Wading Through the Data Swamp:
Program Evaluation 201

Supplements

Threats to Internal Validity

Selection

Selection refers to systematic differences between groups being compared that may account for differences in outcomes. For example, a comparison group may start out with lower drug use. When this happens, both the differences observed between the groups on the posttest and any differences in change over time could reflect the fact that they didn't start out at the same level.

Even if they have the same average scores on the pretest, if one group is different in other ways (e.g., higher socioeconomic status), this difference is a threat to internal validity. The differences you see at posttest might be caused by factors other than the program.

History

History refers to specific events occurring between the first (pretest) and second (posttest) measurement in addition to the experimental variable. For example, participants may become involved in additional activities at their school that promote a drug-free environment but aren't part of the program. Any such event could invalidate the inference that the change was due to the program.

Maturation

Maturation refers to processes within the respondents related to the passage of time and not specific to particular events. These include growing older, growing more used to messages about drugs, and becoming more sensitive to the influence of their peers. It is a fact that kids grow up and change over time, despite the wishes of their parents.

Testing

Taking a pretest itself can affect the scores of a second test. Simply taking the test can change the subject's behavior or attitudes. For example, answering questions about attitudes toward drugs could make kids more aware of these attitudes and lead them to think more about their attitudes and talk about them with their friends. These discussions could change the kids' attitudes more than the program.

Instrumentation

Instrumentation refers to changes in the calibration of measuring instruments or changes in the observers or scorers used that may produce changes in the measurements. Jack used the GPRA but let's say he used an instrument that he created himself. If it was still being developed, he might decide that something needed to be fixed between the pre- and posttest. These corrections could affect the results.

Regression

Regression refers to a change over time that looks like a program effect but occurred because the group of participants had extreme scores at the pretest. Evaluators have learned that when a group starts out either very high or very low at the pretest, they often tend to "move toward the center" of the measure on the posttest even when the program isn't causing them to change.

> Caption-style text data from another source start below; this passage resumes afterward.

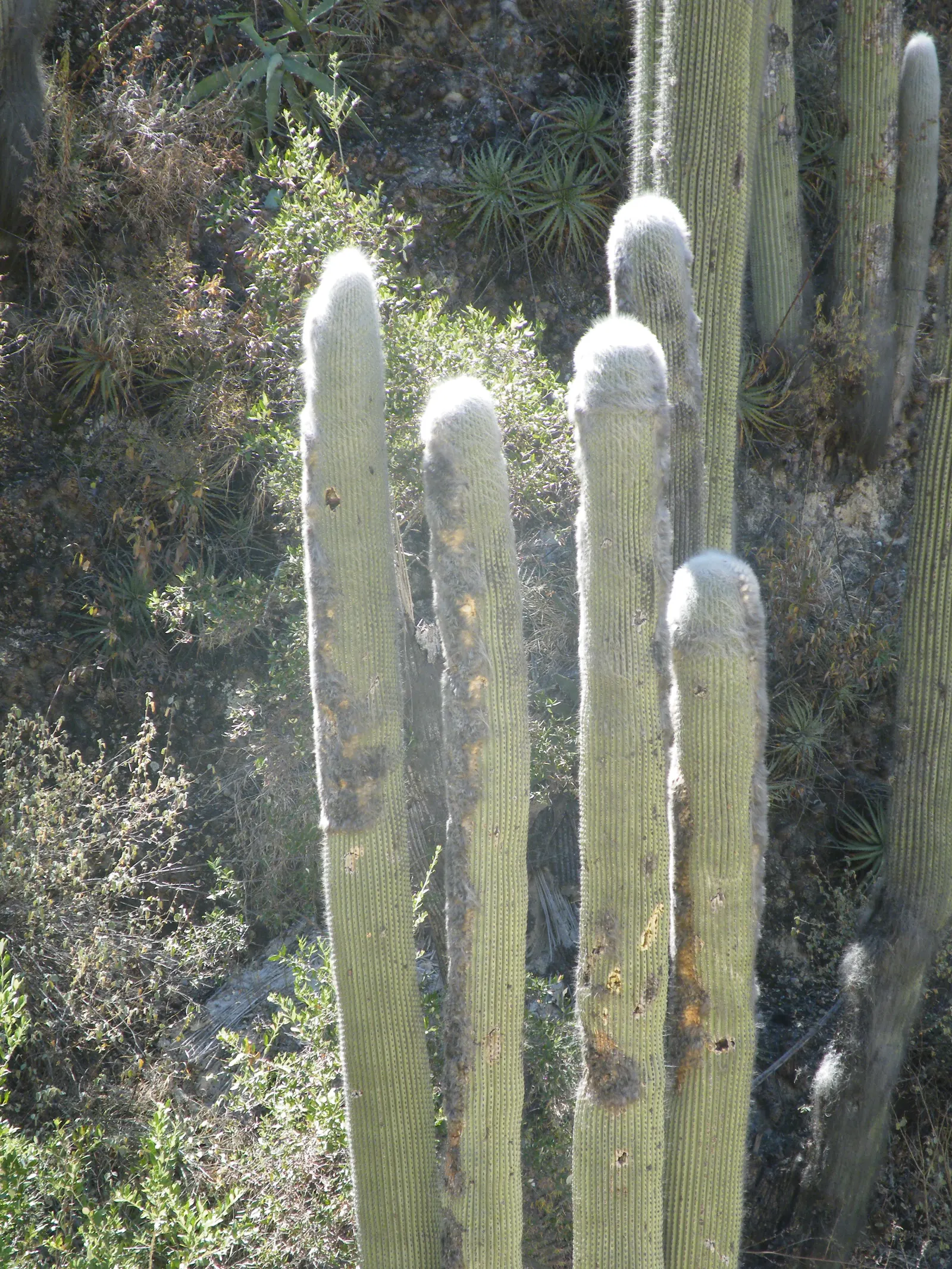 Old Man Cactus (Cephalocereus Senilis) — the Old Man Cactus thrives in well-draining soil and requires full sunlight to maintain its health and vigor
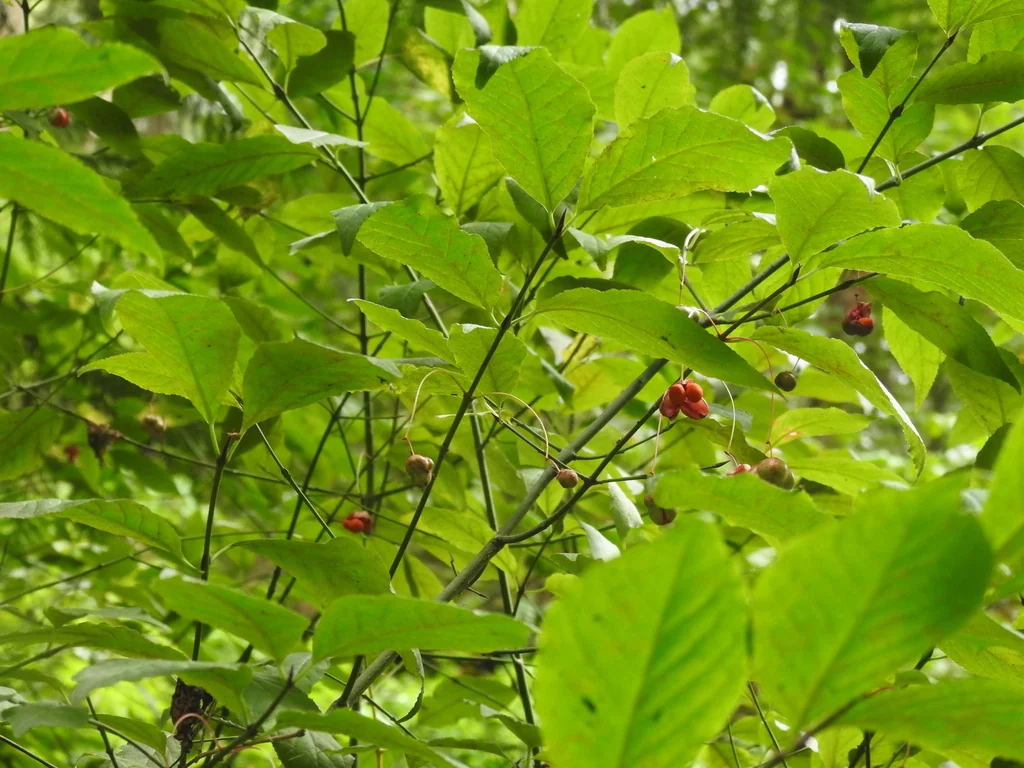 Euonymus Occidentalis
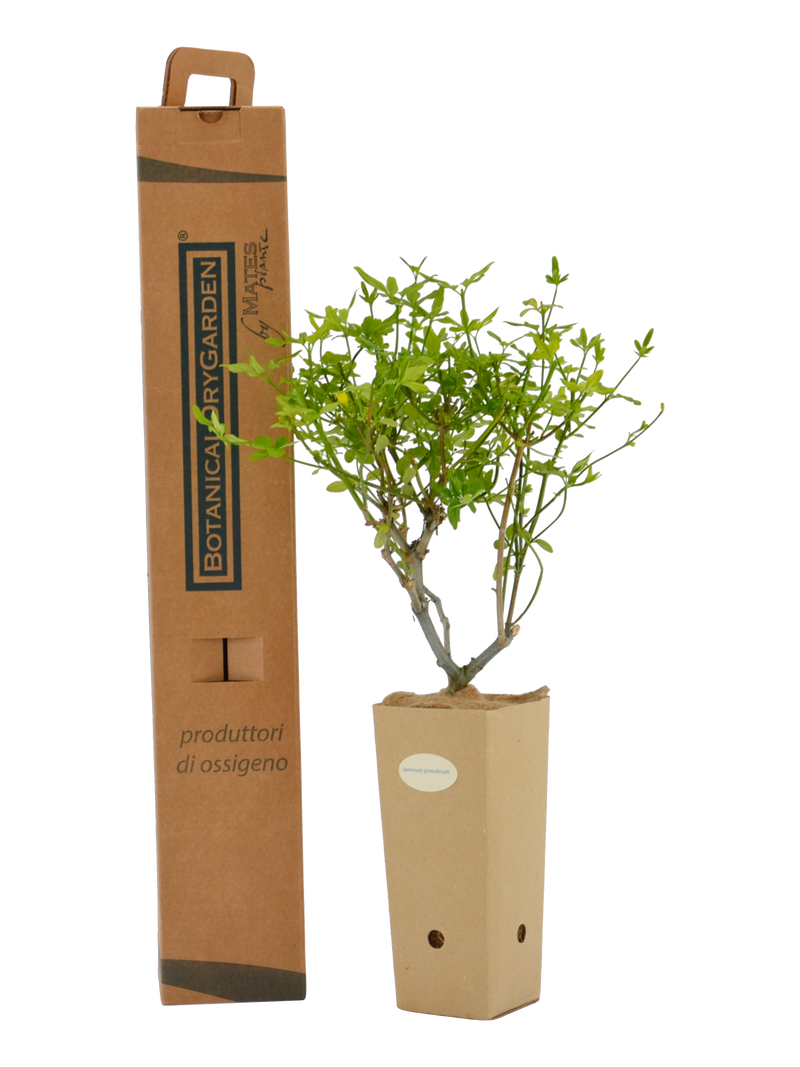 Pianta di Jasminum primulinum in vaso di cartone 9x9x20 e scatola BotanicalDryGarden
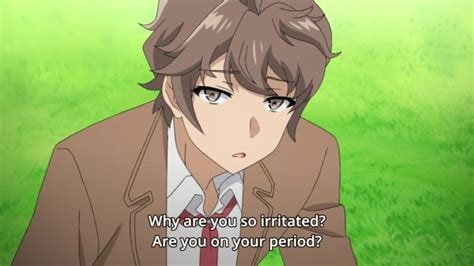 Why Is The Anime Series Rascal Does Not Dream Of Bunny Girl Senpai So Highly Rated Quora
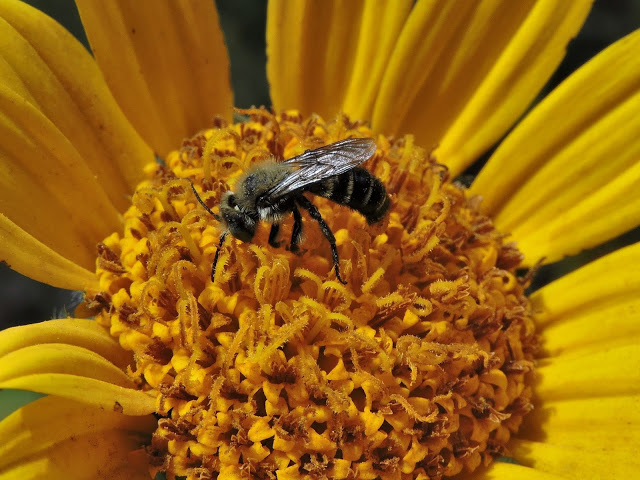 beesofsouthwestoregon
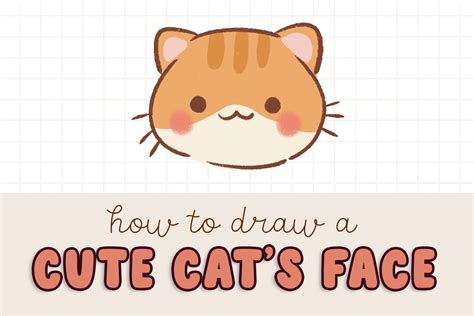 How To Draw A Cute Cat Face Easy Beginner Guide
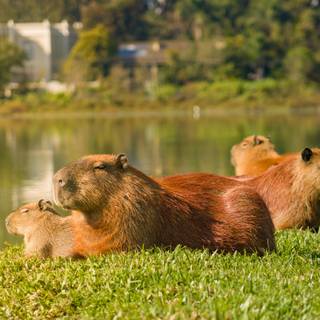 Capybara desktop wallpaper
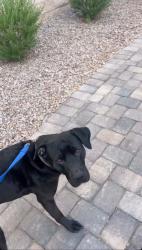 Found/Stray Male Dog last seen Cactus and highlands , Enterprise, NV 89139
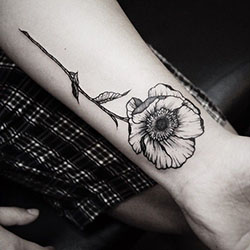 Ideas for perfect botanic flower tattoo, Sleeve tattoo: Floral design,  Sleeve tattoo,  Tattoo artist,  Tattoo Ideas  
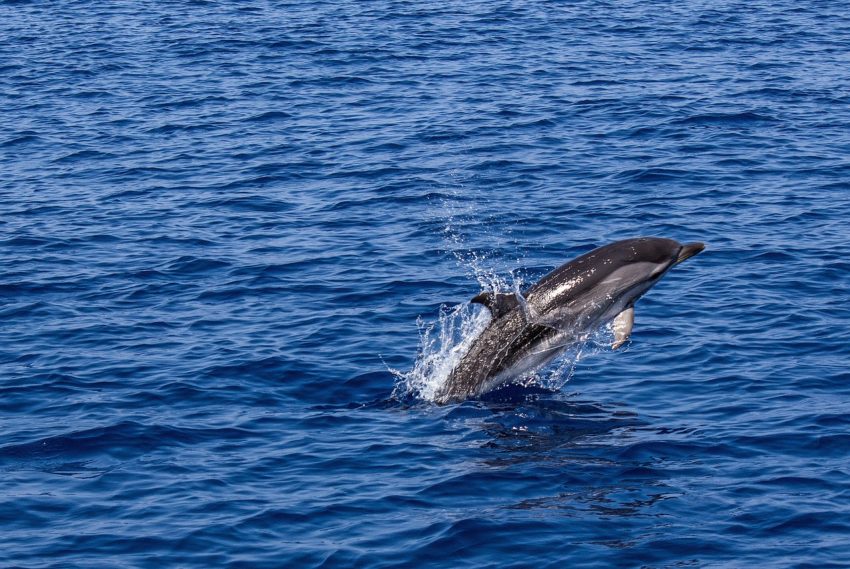 dauphin-zanzibar-activite-que-faire-850x569.jpg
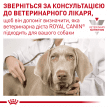 Фото 7 - ветеринарні корми Royal Canin SATIETY WEIGHT MANAGEMENT (КОНТРОЛЬ ВАГИ) вологий лікувальний корм для собак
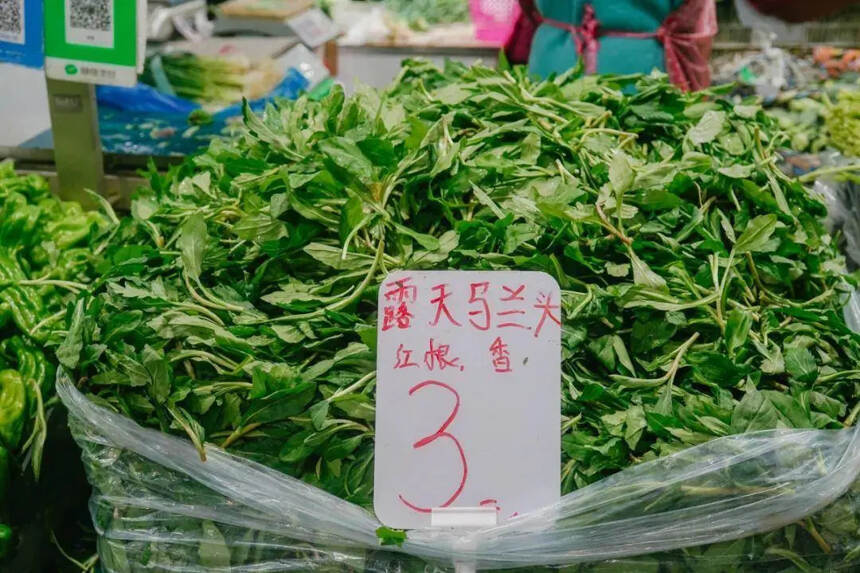 苏州人一到春天就爱“吃草”？100元一斤的蔬菜抢着吃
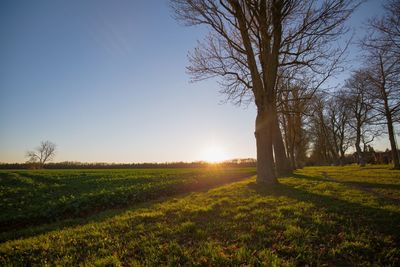 Scenic view of grassy field against sky during sunset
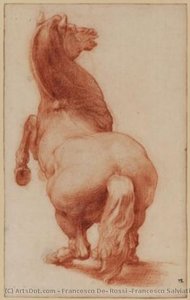 Rearing Horse — Francesco Salviati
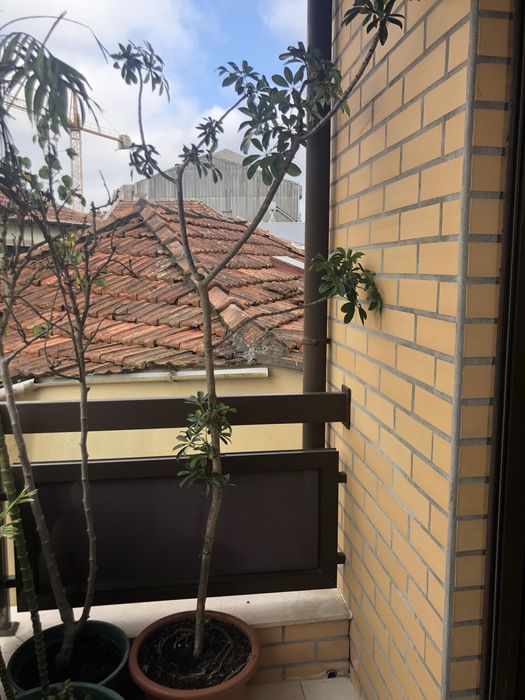 Vendo planta natural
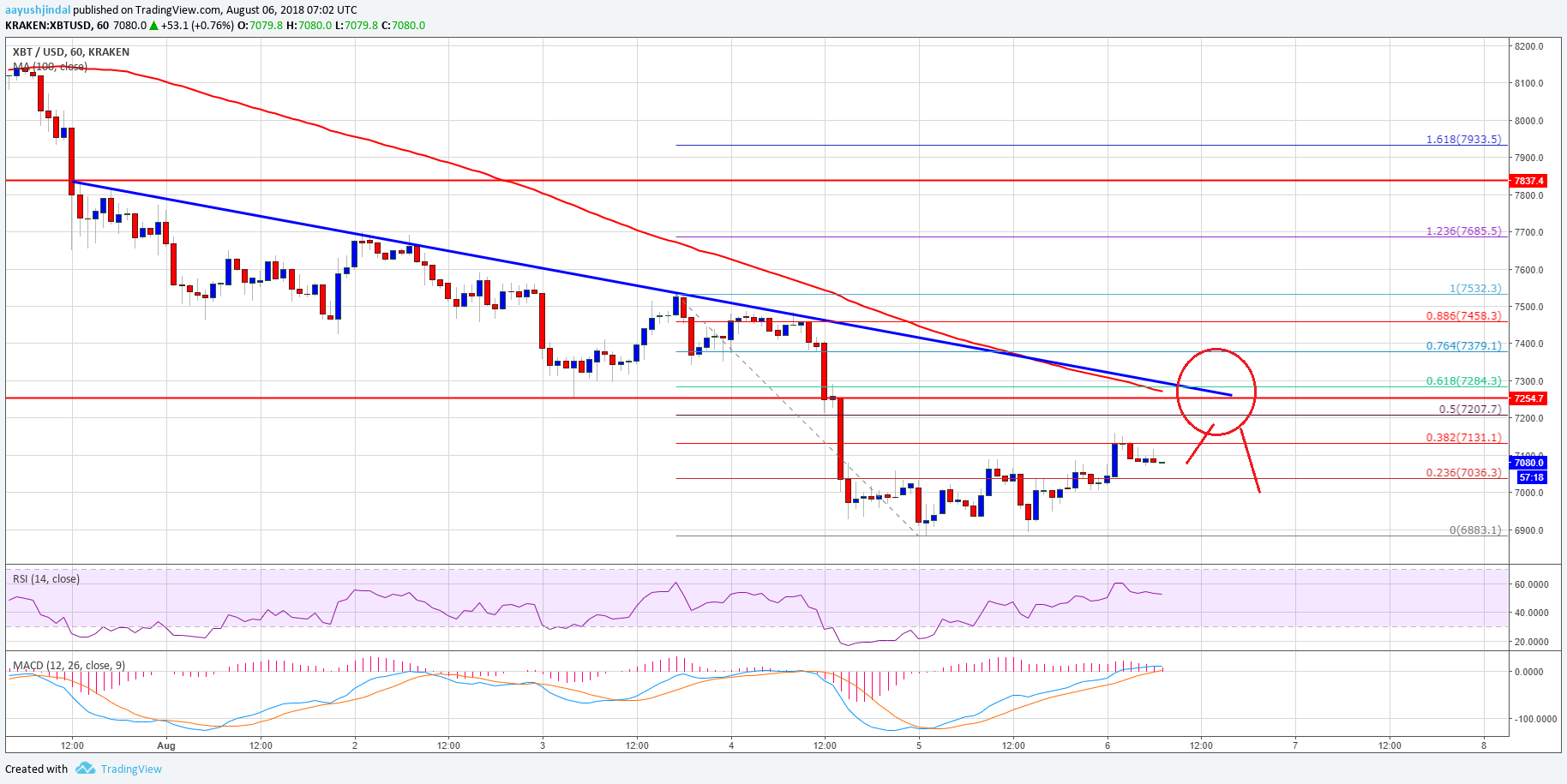 Bitcoin Price Analysis BTC USD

For example, let's say you tested a program on the kids who were in the top 10 percent of their class on having a favorable attitude toward drug use. At posttest, they had less favorable attitudes toward drug use. It's possible that some of that difference occurred because some of the group you selected happened to give an extreme response on the day of the pretest.

Mortality

Also known as attrition, mortality is when some participants drop out of the program. Changes are only observed on those who didn't drop out.